STA 363 Project Part 3
Getting Started
Open the same Markdown file you used for Project Part 2. You will be continuing to work on the same Markdown file for this part of the project. Keep everything!
Again, you are ADDING to your Part 2 file. You need all the previous sections in your submission for this project.
PRO TIP 1
Note that this project is a paper, not a lab. This means you need complete sentences, proper grammar and spelling, and you need to be clear in your steps and explanations. Let Dr. Dalzell know if you have any questions!
PRO TIP 2
Every section in your paper must have a transition sentence, something like “In this section, we will…”. This helps your reader follow your work, and it will also help you structure your paper.
Section R2:
Section R2: Revisions
This section is going to feel a little disjointed from the rest of the paper, and that is okay. If you don’t like it in the paper, you can submit it in the comments on the submission on Canvas instead! Either way, you need to:
- Look at your comments from Project Part 2.
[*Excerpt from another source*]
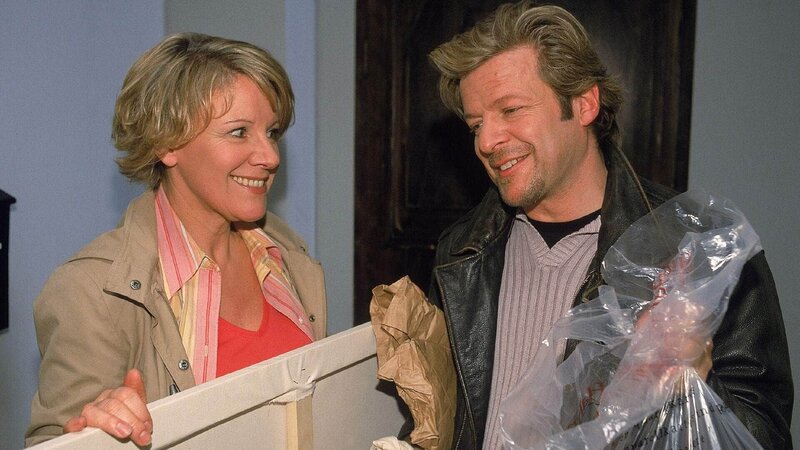 Nikola (Mariele Millowitsch) trifft im Hausflug wieder auf den etwas ungeschickten Zwischenmieter Richard Grönlechner (Roland Koch), einen Künstler. Die beiden sind sich schnell sympathisch … – Bild: MG RTL D /​ Kai Schulz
- If I made any suggestions for changes or improvements, you need to
make these changes in the Part 2 part you will submit with Part 3. In
other words, since you are putting your Part 3 in the same document as
Part 1 and 2, scroll up to the Part 2 component and make your changes
there.
- In this section, you are going to clearly indicate how you addressed each of those suggestions. For example: “Comment: Add transition sentences. Addressed: Transition sentences were added.”
- You WILL lose points if you do not address each comment, so make sure you let me know if you have any questions!!
I will also note that there will not be any revisions for Part 3. If I have already mentioned something to you in comments in the past, you will lose points for it in Part 3. Use the revisions as way to help you check your work for Part 3!!
Section 5:
Section 5.1: Tree
In this section, you are going to build an appropriate tree for your response \(Y\) using all your features (or at least all the ones you used in Section 4). Your task is to:
- Build either a regression or classification tree (depending on what is appropriate for your analysis) to predict \(Y\).
- Show a formatted visual of your tree.
- Describe a few key relationships highlighted by your visualization. In other words, interpret the relationships shown in your tree. If your tree is really deep, you do not need to describe all of them, but you should have 2-3 sentences here at least.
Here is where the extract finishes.